To simplify notation, it is convenient to label the atom at \((l, m, n)\) by its equilibrium position \(\vec{r} \equiv \vec{q}_{l, m, n}^{*}\). This leads to:

\[ \vec{q}_{\vec{r}} = \vec{r} + \vec{u}_{\vec{r}}. \]

The potential energy of the system can be expressed as:

\[ V(\{\vec q_{\vec r}\})=V^*+\frac 12 \sum_{\vec r, \vec r', \alpha, \beta} \frac{\partial^2 V}{\partial q_{\alpha,r} \partial q_{\beta, r'}}u_{\alpha, r}u_{\beta, r'}, \]

where \(\alpha, \beta\) are the vector indices (\(\{x, y, z\}\)) of the displacement vector. This expression assumes \(|\vec{u}| \ll a\), which is valid when \(T \rightarrow 0\) and the atomic mass \(\rightarrow \infty\) (since \(\Delta v \Delta u \geq \hbar / \text{mass}\)). Outside this regime, the crystal would melt. Note that at equilibrium, \(\left.\frac{\partial V}{\partial q}\right|_{q^{*}}=0\).

Using translation invariance, \(V\left(\left\{\vec{q}_{\vec{r}}+\vec{c}\right\}\right)=V\left(\left\{\vec{q}_{\vec{r}}\right\}\right)\), we deduce:

\[ \frac{\partial^{2} V}{\partial q_{\alpha}(r) \partial q_{\beta}\left(r^{\prime}\right)} \equiv K_{\alpha \beta}\left(\vec{r}-\vec{r}^{\prime}\right). \]

The total Hamiltonian of the system is then given by:

\[ \hat{H}=V^{*}+\sum_{\vec{r}} \frac{\vec{p}_{\vec{r}}^{2}}{2 m}+\frac{1}{2} \sum_{\vec{r}, \vec{r}^{\prime}} u_{\alpha, \vec{r}} K_{\alpha \beta}\left(\vec{r}-\vec{r}^{\prime}\right) u_{\beta, \vec{r}^{\prime}}, \]

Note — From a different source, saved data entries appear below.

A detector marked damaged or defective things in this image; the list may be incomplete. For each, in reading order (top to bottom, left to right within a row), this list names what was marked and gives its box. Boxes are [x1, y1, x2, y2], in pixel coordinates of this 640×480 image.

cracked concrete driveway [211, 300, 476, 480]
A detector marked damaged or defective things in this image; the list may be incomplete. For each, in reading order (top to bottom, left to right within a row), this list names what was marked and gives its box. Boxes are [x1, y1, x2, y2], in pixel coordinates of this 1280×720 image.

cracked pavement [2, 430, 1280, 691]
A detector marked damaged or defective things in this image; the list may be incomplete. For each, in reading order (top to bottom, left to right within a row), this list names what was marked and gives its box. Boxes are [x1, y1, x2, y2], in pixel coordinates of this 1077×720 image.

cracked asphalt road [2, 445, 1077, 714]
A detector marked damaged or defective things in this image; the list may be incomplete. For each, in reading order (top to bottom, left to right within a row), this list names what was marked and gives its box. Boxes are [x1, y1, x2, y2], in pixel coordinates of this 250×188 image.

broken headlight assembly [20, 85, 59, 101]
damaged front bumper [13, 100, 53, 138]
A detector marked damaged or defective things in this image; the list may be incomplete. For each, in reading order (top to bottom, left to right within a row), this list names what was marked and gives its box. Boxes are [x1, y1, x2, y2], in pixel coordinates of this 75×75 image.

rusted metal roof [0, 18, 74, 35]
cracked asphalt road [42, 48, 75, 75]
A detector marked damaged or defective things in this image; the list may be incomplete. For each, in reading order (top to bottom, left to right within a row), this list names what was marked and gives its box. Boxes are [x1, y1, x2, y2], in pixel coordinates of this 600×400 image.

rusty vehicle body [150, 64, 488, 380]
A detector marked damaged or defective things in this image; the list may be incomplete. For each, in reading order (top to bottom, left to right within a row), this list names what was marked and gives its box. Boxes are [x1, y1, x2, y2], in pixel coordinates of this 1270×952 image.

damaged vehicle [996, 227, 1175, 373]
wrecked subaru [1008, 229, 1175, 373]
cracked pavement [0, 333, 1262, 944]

where \(\left[p_{\alpha, \vec{r}}, u_{\beta, \vec{r}^{\prime}}\right]=-i \delta_{\alpha \beta} \delta_{\vec{r} \vec{r}^{\prime}}\).

To simplify \(\hat{H}\), we use the discrete Fourier transform:

\[\begin{split} \begin{aligned} & u_{\alpha}(\vec{k}) \equiv \frac{1}{\sqrt{N}} \int \sum_{\vec{r}} e^{-i \vec{k} \cdot \vec{r}} u_{\alpha, r} \\ & p_{\alpha}(\vec{k}) \equiv \frac{1}{\sqrt{N}} \sum_{\vec{r}} e^{-i \vec{k} \cdot \vec{r}} p_{\alpha, r} \\ & K_{\alpha \beta}(\vec{k}) \equiv \sum_{\vec{r}} e^{i \vec{k} \cdot \vec{r}} K_{\alpha, \beta}(\vec{r}) \end{aligned} \end{split}\]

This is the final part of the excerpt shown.